The Complexities of Sermon Preparation

Wednesday, March 15, 2017

Dr. Marguerite Shuster, PhD, Harold John Ockenga Professor Emerita of Preaching and Theology and Senior Professor of Preaching and Theology, Fuller Theological Seminary, was the keynote speaker at Tyndale Seminary Preaching Conference on March 6, 2017. We were able to sit down with her and ask her what she felt was important in preaching today.

What are the important elements to preparing a good sermon?

“There are complexities to sermon preparation. It takes time, first and foremost. It starts with the exegetical step and involves taking the text seriously—you need to engage with the text, really listening to it and not just to some agenda you bring to it. The second step is the engagement with your world and with the hearts and lives of the people in your congregation.

"The qualities of imagination, of collecting illustrations and of thinking through the design of the sermon also come into play. There is nothing wrong with classic 3-point sermons, except that we're tired of hearing them. We don't want to listen to any more sermons that just go on and on for 20 or 25 minutes, either. That kind of adlibbing irritates people and causes them not to care about what you're saying.

"There is a kind of esthetic here. It is the evocative character of the words that we use and the way we design the sermon itself that are important, so that it holds the listener's attention until the end. Often preachers work with a ‘pearls on a string’ design. They have a point and they make it, then stop. And then they have another point and they make it. You can cut the string at any point, and you'll never know when they are going to be done. That's not a good sermon design because it doesn’t pull people along until the end. Someone once told me that they enjoyed my preaching because they never knew where it was going to take them. They experienced the sermon as something that would have a different shape depending upon its objective. What if you were preaching on an epistle and wrote a contemporary letter? What if you took a biblical narrative and told a story? What if you took a psalm of lament and by use of anachronism that was faithful to that passage, you wrote a contemporary lament? There are a lot of different kinds of things that you can do.”

Where can preachers find inspiration?

“Reading quality literature can help—novels or short stories that have the length of a sermon, that build tension and have movement and do interesting things that keep people with you. Poetry is another place to look to—poetry like that of Billy Collins, who uses common life experience and language in a highly evocative way. Preachers also need to be constantly observing. Everything in the whole universe is a sermon illustration. If preachers aren’t paying attention to the whole of life, they will always be talking about their favorite sports team or their family because they don't have anything else to use as an illustration.”

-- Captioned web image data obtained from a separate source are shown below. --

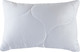 Миниатюра изображения товара Подушка для сна Primavelle Wedding 50х72 / 113110310-ws (белый)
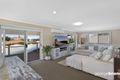 Property photo of 31 Stewart Street The Entrance North NSW 2261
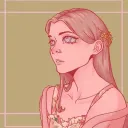 🤍lovelygraciee's server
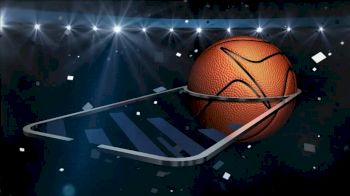 Full Replay - 2019 EWE Baskets Oldenburg vs Cast 46ers | easyCredit BBL - EWE Baskets Oldenburg vs Cast 46ers |BBL - Apr 30, 2019 at 1:15 PM CDT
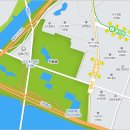 서울숲공원 관리사무소 이미지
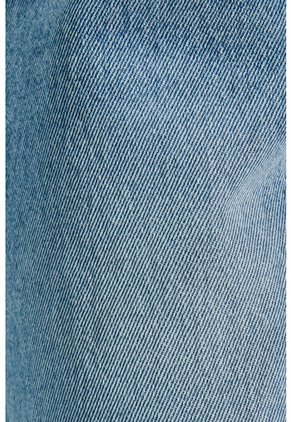 KOAJ PANTALON KOAJ MOM STA 8211 1/24
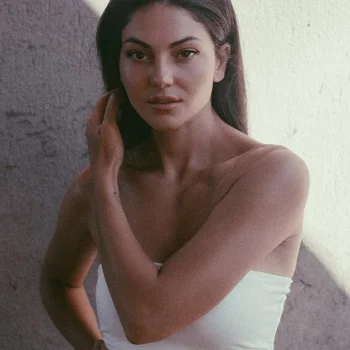 Ceren Yıldırım
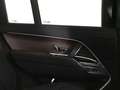 Land Rover Range Rover 3.0 P510e PHEV AWD HSE | Auto Stahl Wien 22 Grau - thumbnail 30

What are some barriers that preachers are facing today?

"It's often assumed that preachers have all the answers, until the hearer in real pain finds out that they don’t. Then people sometimes leave the church because they don’t see that there may be a worthwhile alternative to having all the answers. Standard answers might work when they're applied to someone else’s life. When it comes to the problems in your own life, you might discover that the same answers don’t fit. If your pastor doesn’t understand this, it might seriously impact the faith of suffering members in the congregation. I question the need to have it all worked out. The Bible isn’t like that; God isn’t like that. Well then, fess up. Preachers need to get shaken out of believing that they have it all figured out.

"We live in a culture where we are expected to be triumphant, and this expectation presents certain risks. For instance, always saying that we are having a great day is for public consumption and starts to erode our honesty with ourselves, which erodes any possible honesty before God. If we ourselves don’t know where we are, how can we come before God with the openness required to receive the supply that God has for us? The cultural pressures are astonishing. I don’t have quick fixes; we are bunch of sinners. We need to live remembering the fact that we are sinners."

What to do you see as important for preachers to remember?

"It is not our job to justify God’s ways to human beings. It is our job to cling to the hope and to the promise. It is the hope and the promise that enable sacrifice on this earth in the interest of things that matter, such as justice, because all the failures around us are not the last word. In my view, if we don’t have that, and if all of our focus is in the now, then that is a setup for self-interest and cowardice. It is the hope and the promise that make everything possible."